R. E. Winfrey, district engineer for the highway department, testified that the highway department had agreed to buy 650 tons of chats from appellant, Excelsior Mining Company, to be delivered by June 20, and that some of these chats were delivered "yesterday." He further testified: "Q. Mr. Winfrey, I understand that these chats had fine particles and foreign matters in them? A. I guess that's right. We require the chats to be clean before we buy them. Q. Then as I understand it, that requires some screen, some machinery? A. It requires screening. Q. Did you have anything to do with the negotiation between Mr. Willson and the highway department? A. No, sir. Q. What time of the year do you use chats? A. Twelve months in the year. However, we use it mostly during the warm months."

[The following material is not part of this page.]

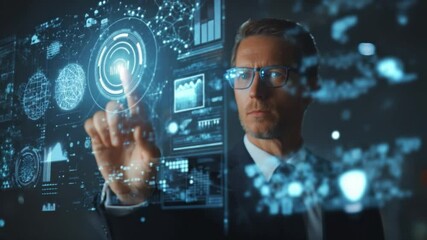 Poster - Innovation at the Fingertips: A focused individual in a high-tech environment, interacting with a futuristic interface, the embodiment of technological progress and data manipulation.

Doyle A. Palmer, president and manager of appellant, Excelsior Mining Company, testified: "Q. That letter of contract binds you to sell the plaintiff the chats *Page 1034 that was in stock at the mine not to exceed 1,200 tons? A. That's right. . . . Q. You say the plaintiff gave you assurance that he could begin removing the chats within two weeks? A. Yes, sir." He further testified that appellee had not removed any of the chats, and that they were getting in the way; that they had waited for appellee to accept and remove the chats. "Q. What has he told you? A. Well, he said several times that he would soon be able to start removing the chats. The last time was several weeks ago. Q. You have said that you learned from him that he was not going to be able to sell the chats for highway purposes unless they were screened or reprocessed. A. Yes. Q. Did he give you any assurance that he was about to reprocess those chats? A. No. Q. When did you finally conclude that he wasn't going to try to sell them? A. A few weeks ago." He further testified that he contacted Mr. Winfrey of the highway department who examined the chats and informed Palmer that they would have to be screened before the highway department would accept them; that in order to meet the requirements of screening or reprocessing demanded by the highway department, appellant spent approximately $700 for machinery for this purpose, and that it would cost 75 to 80 cents a ton to reprocess them, and that the highway department agreed to accept 650 tons on the above conditions. They produce about 180 tons of chats a week, or approximately 450 tons per month.

There is other evidence that the chats accumulate rapidly.

In brief, appellee spent approximately five months trying to sell and dispose of the chats, but was unsuccessful. He tried to sell to the highway department only. In fact, he made no effort to sell to any one else and admitted that, unless he could sell to the highway department, he would sell to "no one." He admitted that before the highway department would accept the chats it was necessary that they be screened or reprocessed. He did not deny that this would require machinery and would cost 75 to 80 cents per ton. Appellant invested *Page 1035 approximately $700 in this reprocessing machinery. The chats accumulate rapidly, to the extent of about 450 tons per month and got in the way. The highway department used these chats the year round, but a larger percentage was used during the summer months.

It is our view that a great preponderance of the testimony shows that appellee failed to perform the contract within a reasonable time, and that he is not entitled to recover.

Appellee contends that appellant's abstract in this case does not comply with Rule IX of this court, and that the cause should be affirmed for this reason. While it does appear that some slight discrepancies appear in appellant's abstract, when compared with the record, we think on the whole that it is a substantial and sufficient compliance with our rule in this regard.

For the error indicated, the decree is reversed, and the cause dismissed.